English settlers in America might have intended to transmit the traditions of the mother country to subsequent generations. This didn’t exactly happen—partly because the settlers disagreed amongst themselves about which of those traditions deserved preservation, and partly because the experience of life in North America challenged many of the traditions they did want to preserve. The disagreement and the adaptation together led, eventually, to a political revolution.

Malcolm Gaskill puts it bluntly: “Migrants did have one thing in common: they were no longer in England, and they had to get used to it.”

His new book tracks what happened to the English in their three (very different) principal areas of settlement: Virginia, New England, and the Caribbean. He also keeps an eye on what the English who stayed at home—financing these expeditions and attempting to rule them from afar—thought and did, especially in competition with the Spanish, who had settled large swaths of the New World a long time before their geopolitical rivals in London really got started. This gives Between Two Worlds: How the English Became Americans a lot to do, but the author, a professor of early modern history at the University of East Anglia, manages his unruly topic by considering each of the first three settler generations in turn.

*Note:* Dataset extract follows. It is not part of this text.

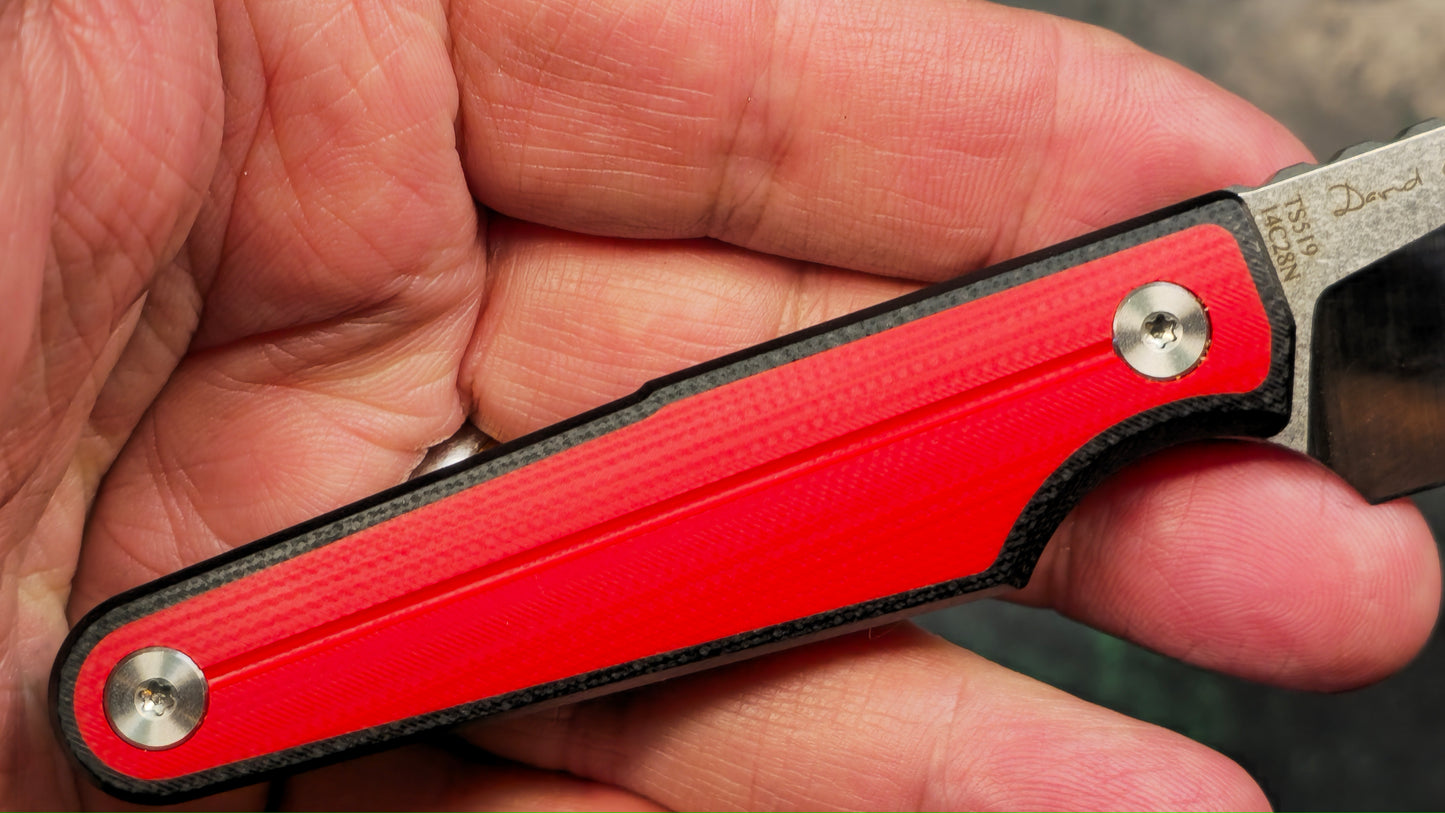 TWOSUN TS519 Fixed Blade Knife Red/Black G10 14C28N (NEW)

Gaskill deals in his prologue with the inauspicious 16th century beginnings of the project, remarking that the English understandably modeled their efforts on the recent conquest of Ireland, the wild tribes of which reminded them of their own pre-Roman-conquest ancestors and of the North American peoples. The first settlement, at Roanoke, “Virginia” in 1585—named for Elizabeth, the Virgin Queen, of course—vanished from the earth like Prospero’s insubstantial pageant. To this day, we don’t know what happened to its more than 100 inhabitants.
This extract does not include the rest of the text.